▶ _Aim of the exercise_
The records below must be reproduced exactly. Strip out the pictures.

....................

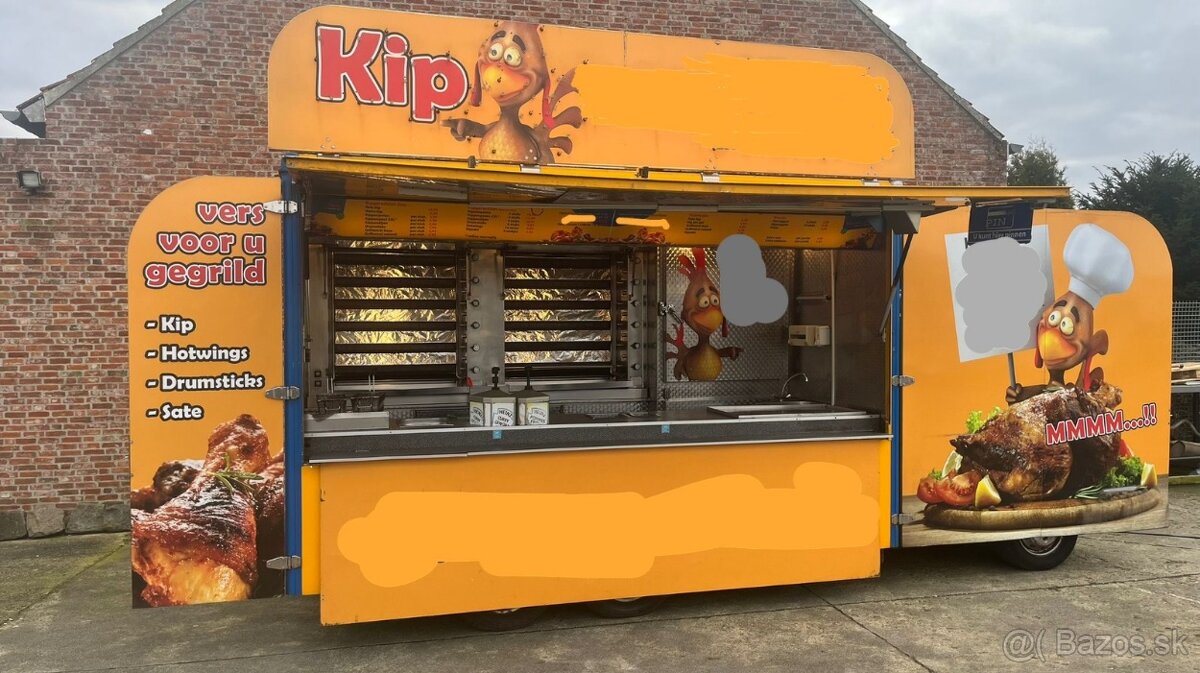 ❗️ Rychlé občerstvení kuřata ❗️
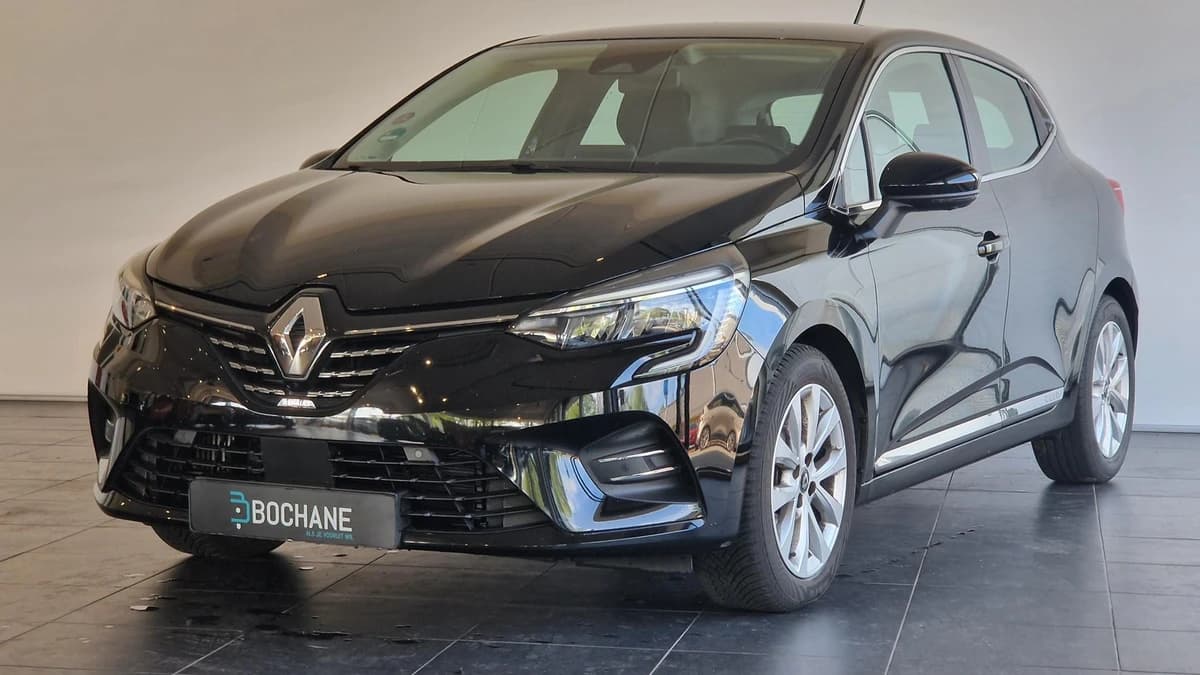 Renault Clio — foto 1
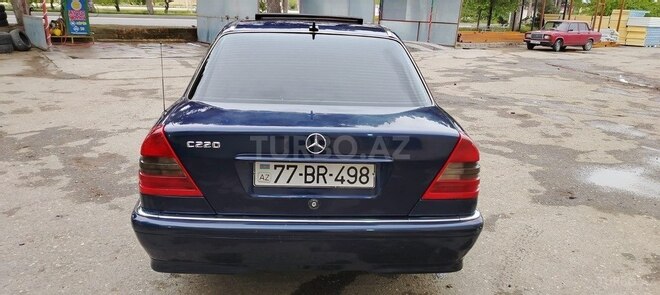 Mercedes C 220 1994, 392,123 km - 2.2 l - Bakı
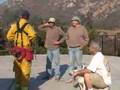 Coast Guard Petaluma Fire Fighters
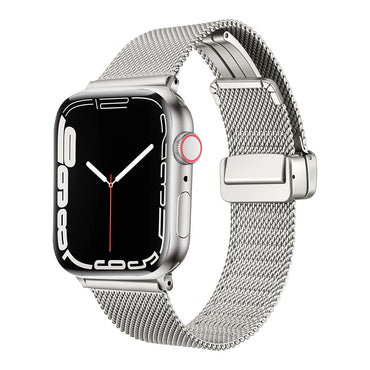 Apple Watch 7 41mm Zore KRD-85 Metal Kordon
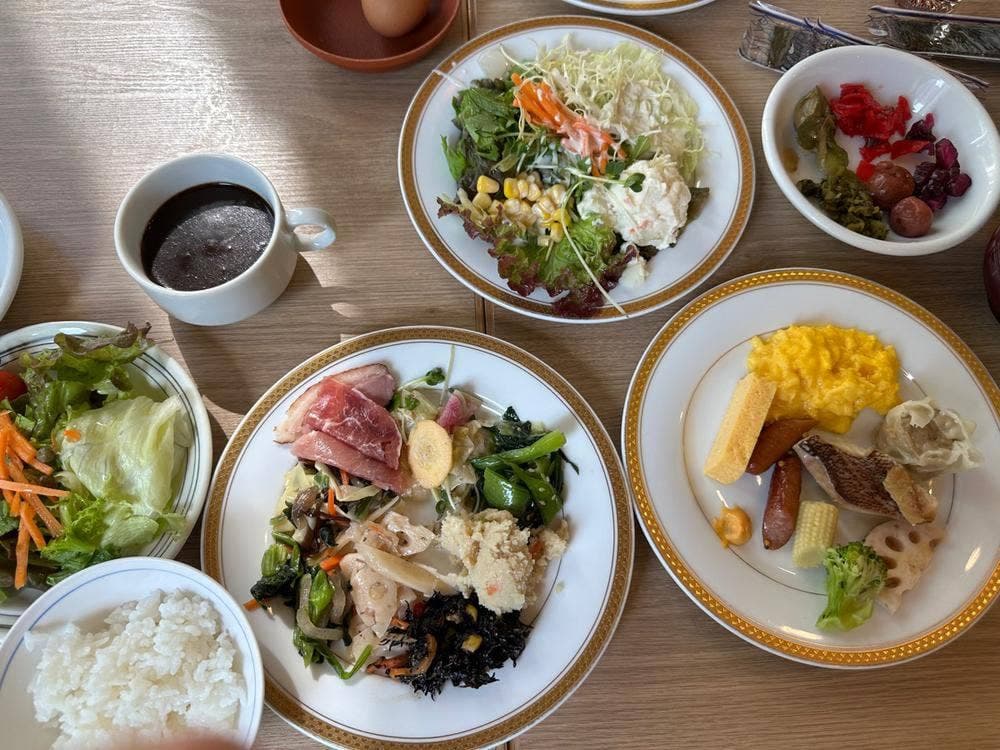 オールデイダイニング・ポモドーロ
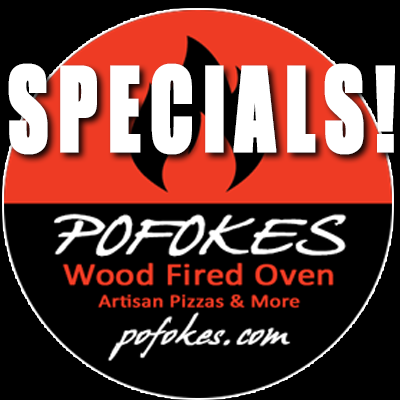 Wood Fired Neapolitan Style Pizza Special Wood Fired Neapolitan Style Pizza Special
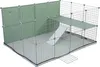 Ohrádka pro králíky NEOLIFE NEOPARK 140x105x70mm Zolux Náhled obrázku produktu 3
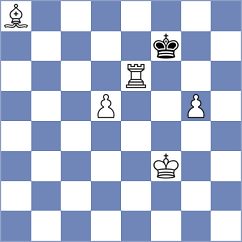 Korchmar - Halkias (chess.com INT, 2023)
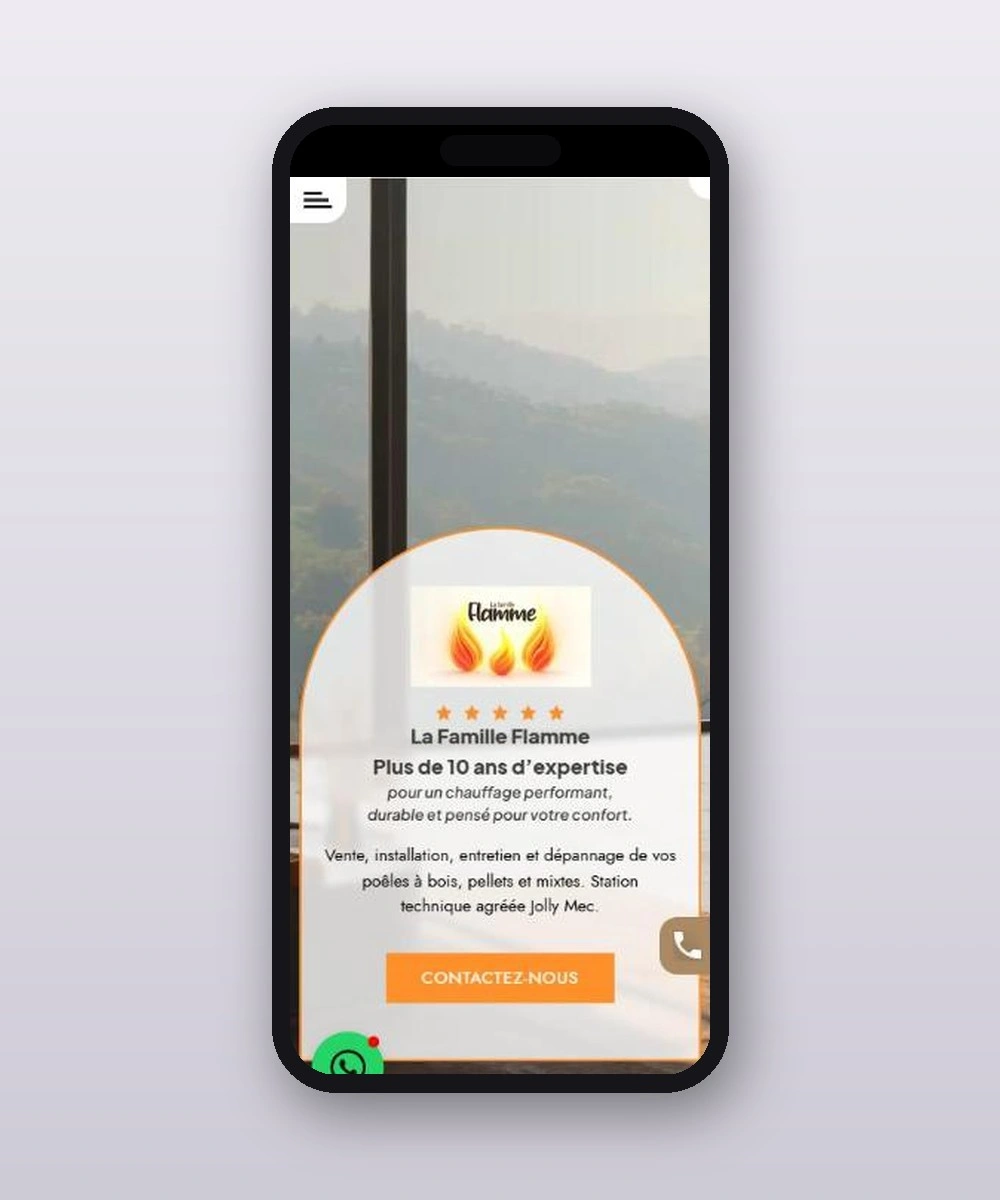 mockup mobile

....................

▶ _Solution to the problem_
 ❗️ Rychlé občerstvení kuřata ❗️
 Renault Clio — foto 1
 Mercedes C 220 1994, 392,123 km - 2.2 l - Bakı
 Coast Guard Petaluma Fire Fighters
 Apple Watch 7 41mm Zore KRD-85 Metal Kordon
 オールデイダイニング・ポモドーロ
 Wood Fired Neapolitan Style Pizza Special Wood Fired Neapolitan Style Pizza Special
 Ohrádka pro králíky NEOLIFE NEOPARK 140x105x70mm Zolux Náhled obrázku produktu 3
 Korchmar - Halkias (chess.com INT, 2023)
 mockup mobile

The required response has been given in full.